Bu kanser türü yüzde 40-50 oranında erken evrelerde karşımıza çıkar ve erken evredeki hastalık için 5 yıllık sağkalım yüzde 91, lokal ilerlemiş hastalık için yüzde 60 ve ileri evre hastalık için yüzde 19 olarak bildirilmektedir. Bu nedenle Rahim Ağzı kanserinin önlenmesi stratejileri hayati önemde olduğu kadar hastalığa erken evrede tanı koymak da hayati öneme sahiptir. Genel olarak erken evre hastalıkta cerrahi uygulanır, daha ileri evre hastalık için ise radyoterapi, kemoterapi, bunların kombinasyonları ve hedefe yönelik yeni nesil ilaçlar kullanılmaktadır. Kanserin tedavisi sonrasında da takip önemli yer tutar çünkü hastaların 1/3’ü tümörün tekrarlamasıyla karşımıza çıkar. Bu nedenle ilk 2 yıl, 3-6 ayda bir; sonraki 3 yıl, 6 ayda bir ve daha sonra da yılda bir kontrollerin yapılması önemlidir. AFSÜ Hastanemizde de 15 yıldan fazla süredir Jinekolojik Onkoloji Kliniğimiz ile Medikal Onkoloji ve Radyasyon Onkolojisi Klinikleriyle birlikte çok sayıda serviks kanseri hastasının tedavisi ile takibi, dünya standartlarına uygun ve güncel gelişmeler yakından izlenerek başarıyla yapılmaktadır.”

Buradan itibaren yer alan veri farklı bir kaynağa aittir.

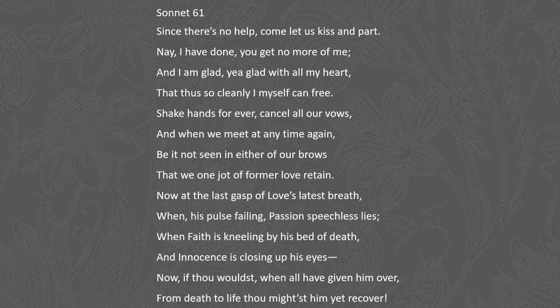Let's read Sonnet 61: "Since there's no help, come let us kiss and part. Nay, I have done, you get no more of me. And I am glad, yea glad with all my heart, that thus so cleanly I myself can free. Shake hands forever, cancel all our vows, and when we meet at any time again, be it not seen in either of our brows that we one jot of former love retain. Now at the last gasp of love's latest breath, when his pulse failing, passion speechless lies, when faith is kneeling by his bed of death and innocence is closing up his eyes. Now if thou wouldst, when all have given him over, from death to life thou mightst him yet recover."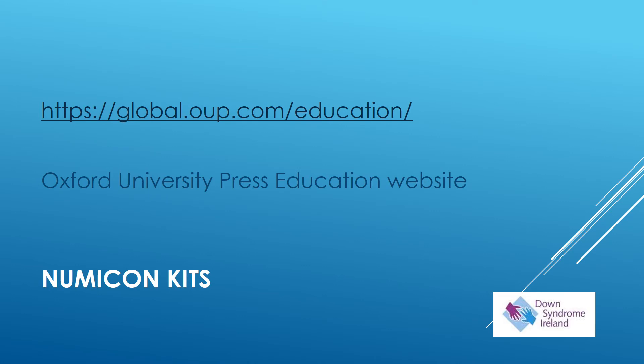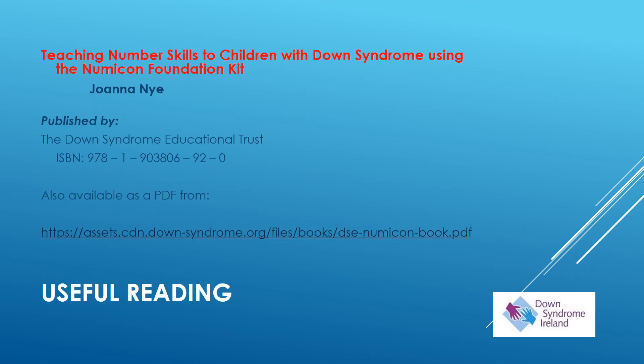NUMICON kits are available to purchase from the Oxford University Press Education website, and the website address is on this slide. The book 'Teaching Number Skills to Children with Down Syndrome Using the NUMICON Foundation Kit,' written by Joanna Nye and published by the Down Syndrome Educational Trust, will be a very useful book to read in the early stages. It's available to download free as a PDF from the website address shown on the slide.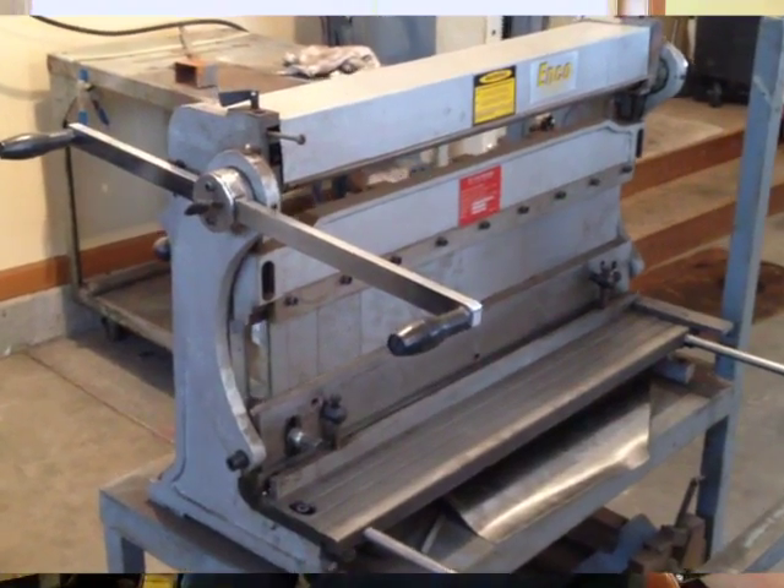Right now, we're going to talk about the project today — I need to shear some sheet metal. My sheet metal shear is only good for about 30 inches, and I need to be in about the 50-inch range.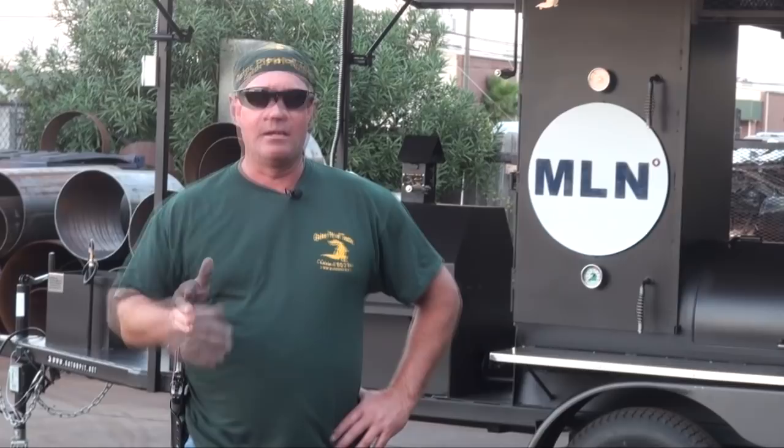I'm Rich Robin, founder and owner of Gator Pit of Texas in Houston, Texas. We can design anything that you can think of or dream of — the limitation is only your imagination. Give me a call at 713-896-0144, or email me at info@gatorpit.net. Ask for me, Rich Robin. I'll be happy to talk to you. We'll design a pit for you to meet your budget and your needs — quality unsurpassed. Give me a call. Thank you.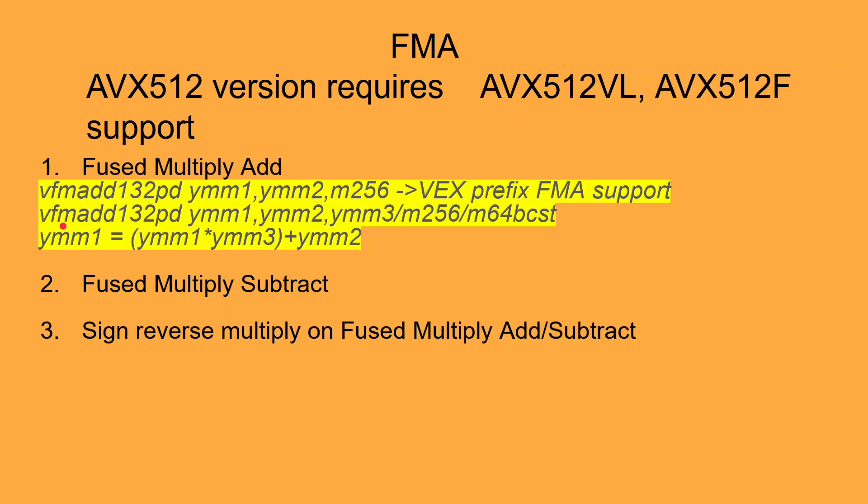For example, if the instruction that we use is VFMADD132 packed double, the first operand is going to be multiplied with the third operand and the results are going to be added with the second operand. So in this instruction, the first operand which is YMM1 will be multiplied with YMM3 and the results will be added with YMM2, which is the second operand. The final result is saved in the destination operand which is the YMM1 register.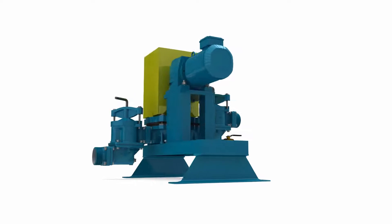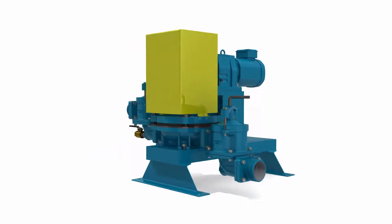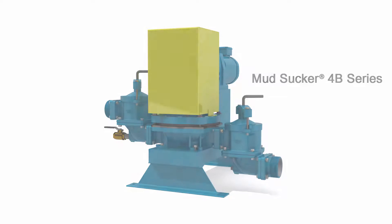With a focus on pump innovation, customized local solutions, and strategic partnerships, Waste Group Pumps is proud to introduce the Mudsucker 4B series.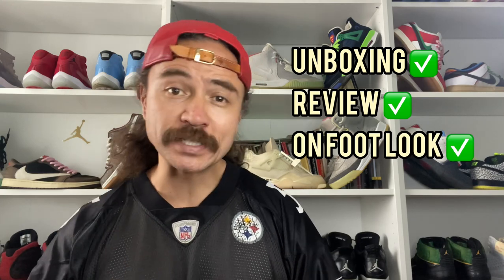What is up you guys, it is me Jordan Young aka Sneakernomics, back once again with another sneaker video. Today it's an exciting one — I want to do an unboxing as well as a review and an on-foot look at my most recent sneaker pickup: the Tom Sachs General Purpose Shoe.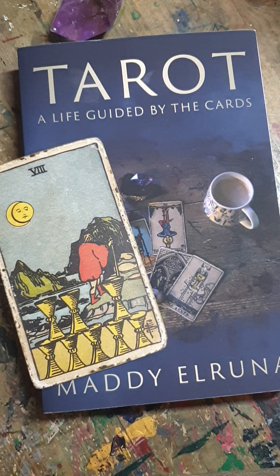To demonstrate: the Eight of Cups — I actually took four whole days off over Easter, I took a break. The Eight of Cups is about taking a break and looking at life from a different perspective. That is my past. I can validate that — it's accurate.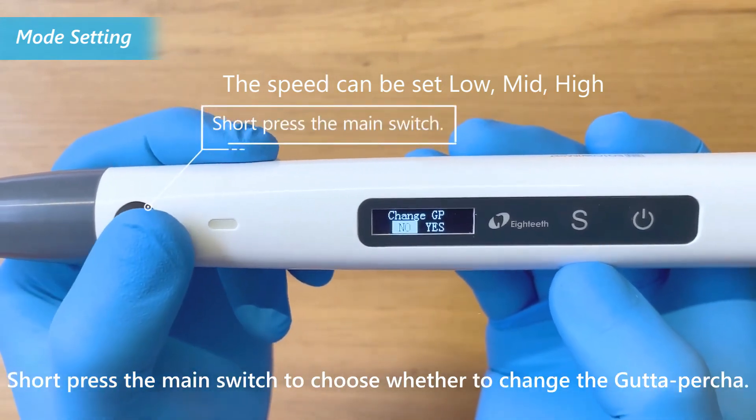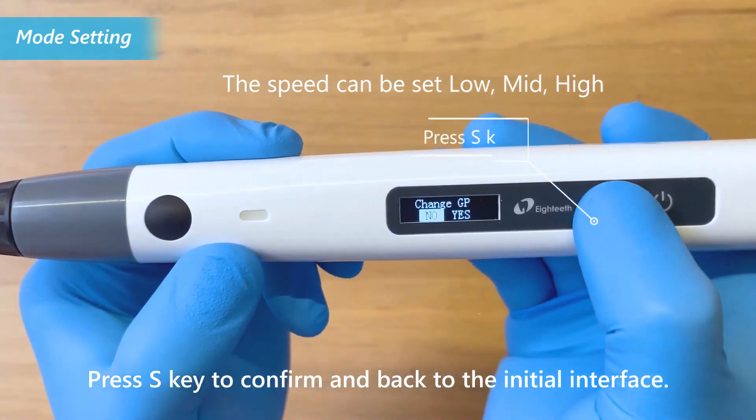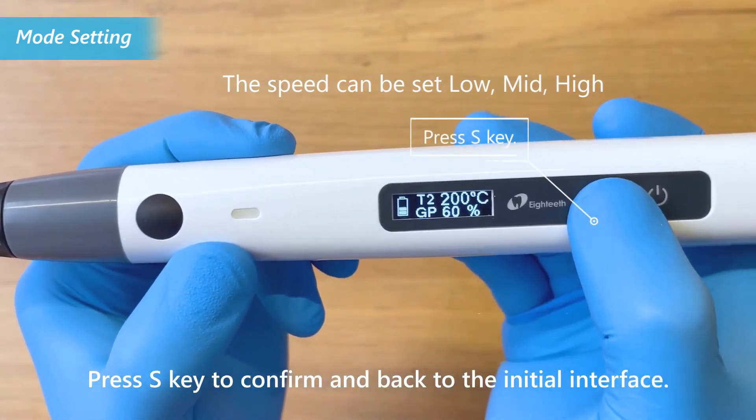Short press the main switch to choose whether to change the gutta percha. Press the S key to confirm and return to the initial interface.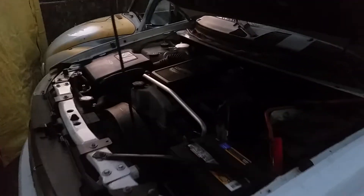This is the engine I have to replace it with. If you guys want to see that engine going in and replacing this thing, like and subscribe.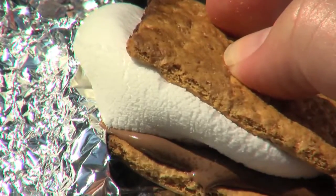As always, when working around a campfire, use extreme caution and be sure to have a bucket of water on hand. Now that's cool science.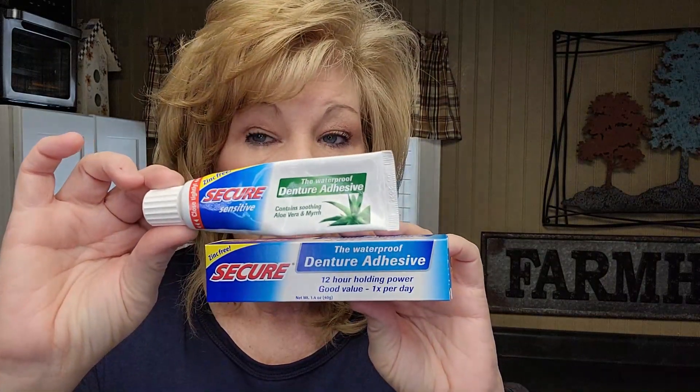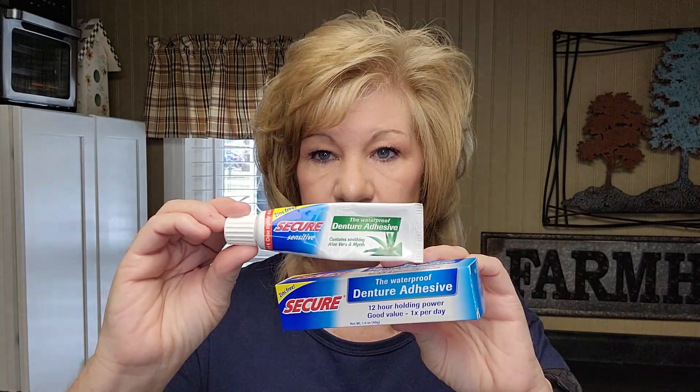My very favorite is Secure. They have Secure with aloe and myrrh, and then they have the regular Secure. These are my go-to's. They both hold great — don't get me wrong, you could get either one. I reviewed eight products total.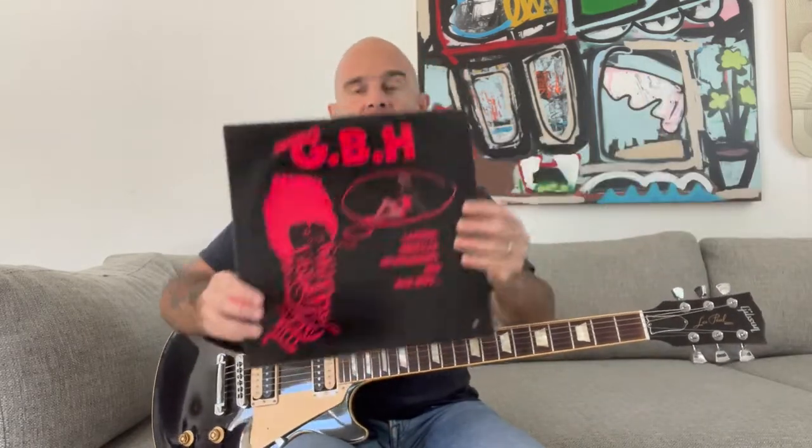In this video, I'll show you how to play Knife Edge by GBH off the Leather, Bristles, Studs, and Acne record. It's also on a bunch of different comps, but that's the version I'll be playing.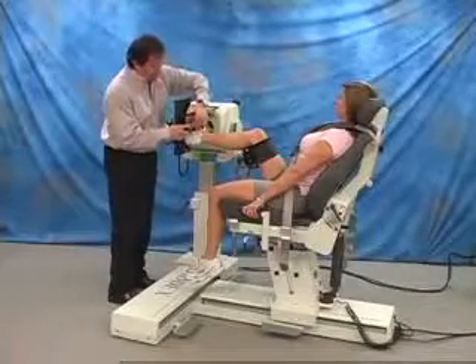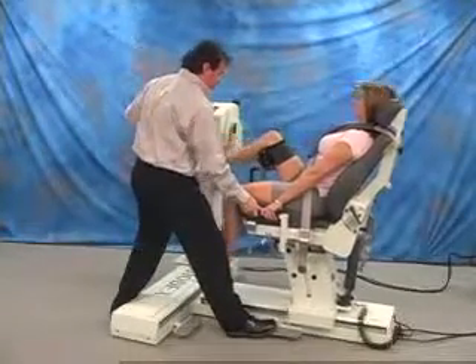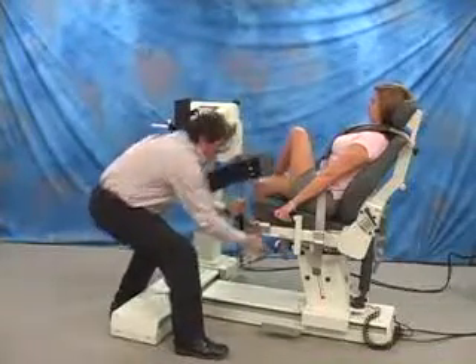For the opposite side, unstrap patient and move chair back. Move limb support to opposite receiving tube.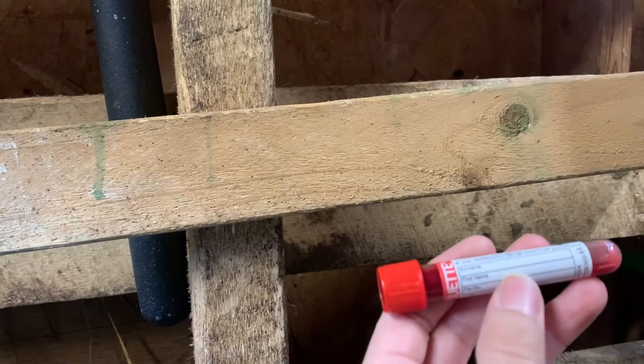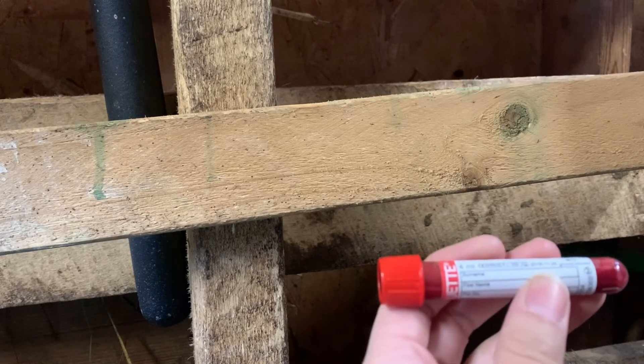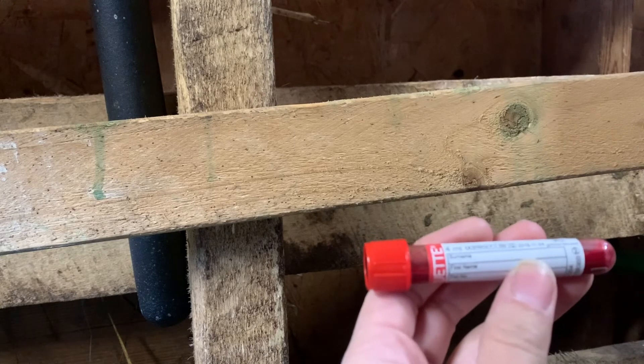On this label we're just going to put 'Daisy,' and then on the form we're sending into the company we'll put all the other information. As you can see, it's pretty easy. This is our first time drawing labs — I watched a couple of videos on YouTube and that's it, so it's pretty easy.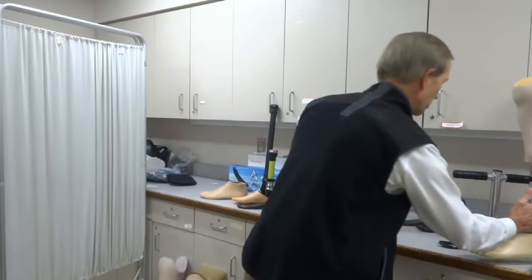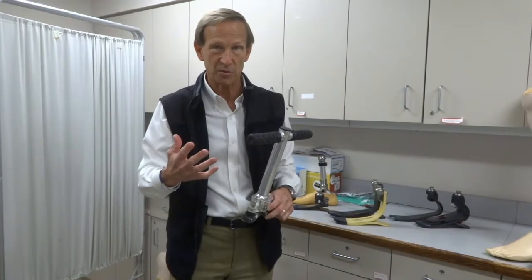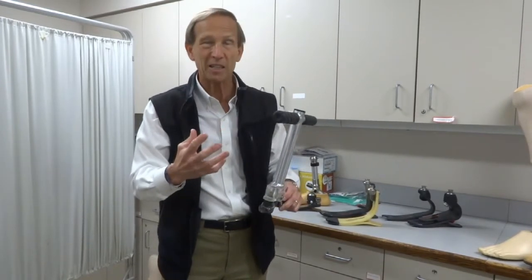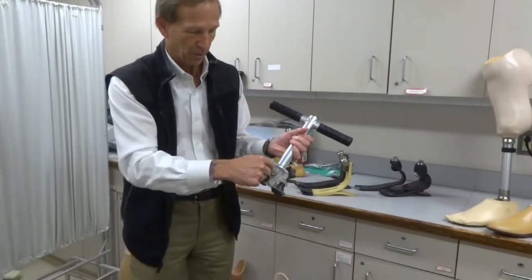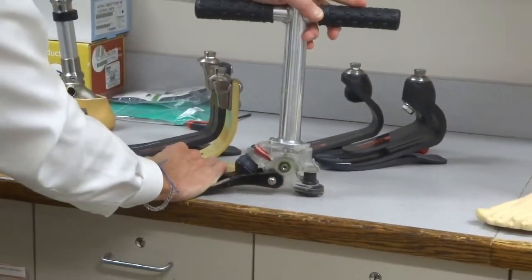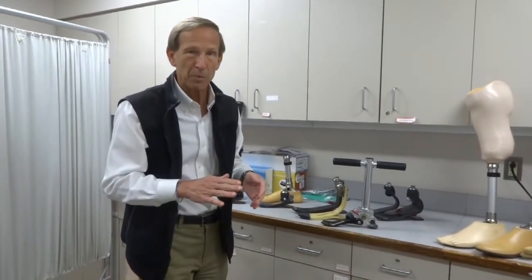Once you start to go outdoors, you encounter uneven terrain — lumps and bumps, little hills and inclines. Now we have a couple of choices. There are what we call multi-axis feet, which will not just go up and down but will tilt a little bit side to side and even rotate a little bit. This particular foot has multiple rubber bumpers at the heel and front half around the ankle joint to allow motion going up and down, tilting, and rotating. That rotation is important for activities where you might plant your foot and twist, like tennis or golf.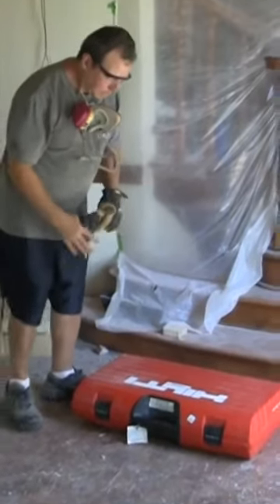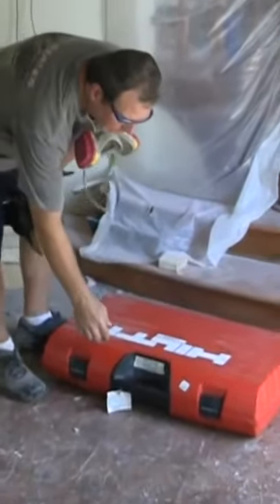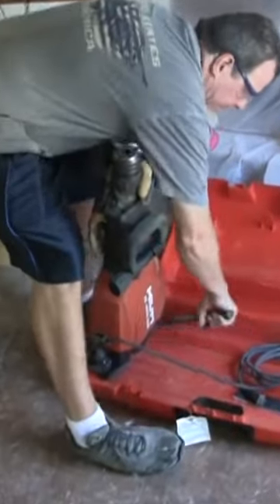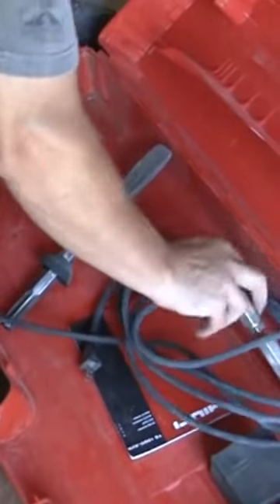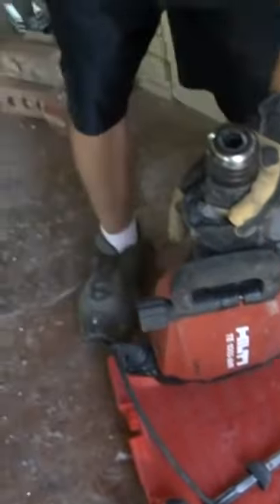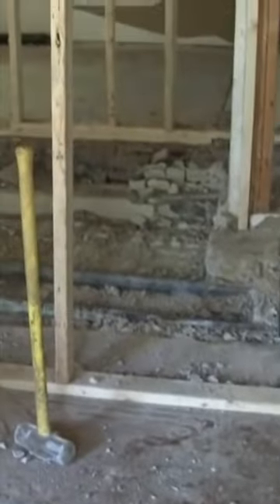Today we're going to show you how to use and operate a demo hammer or jackhammer. This comes with two different bits. This one's a spade bit, and this one is a pointed bit. We're going to use this one today because the project we're working on is to get up the base of this fireplace.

DAĞISTAN TOLGA ARIÖZ KİMDİR?

Kırşehir doğumlu Dr. Dağıstan Tolga Arıöz Hacettepe Üniversitesi Tıp Fakültesi’nden 1997 yılında mezun olmuş, 2002 yılında Kadın Hastalıkları ve Doğum Uzmanı olmuştur. 2006 yılında Afyon Kocatepe Üniversitesi’nde Yardımcı Doçent olarak göreve başlamış, 2011 yılında Doçent ve 2016 yılında Profesör unvanını almıştır. 2011 yılında Jinekolojik Onkoloji Cerrahisi Yandal Uzmanlığını elde ederek çalışmalarını çoğunlukla bu alanda yürüten Prof. Dr. Arıöz’ün, 85’in üzerinde uluslararası ve ulusal bilimsel yayını, çok sayıda uluslararası ve ulusal bildirisi, proje görevleri ve kitap bölümleri bulunmaktadır. Prof. Dr. Arıöz, AFSÜ Tıbbi Etik Kurul Başkanlığı, Cerrahi Tıp Bilimleri Bölüm Başkanlığı ve Kadın Hastalıkları ve Doğum Ana Bilim Dalı Bölüm Başkanlığını yürütmektedir.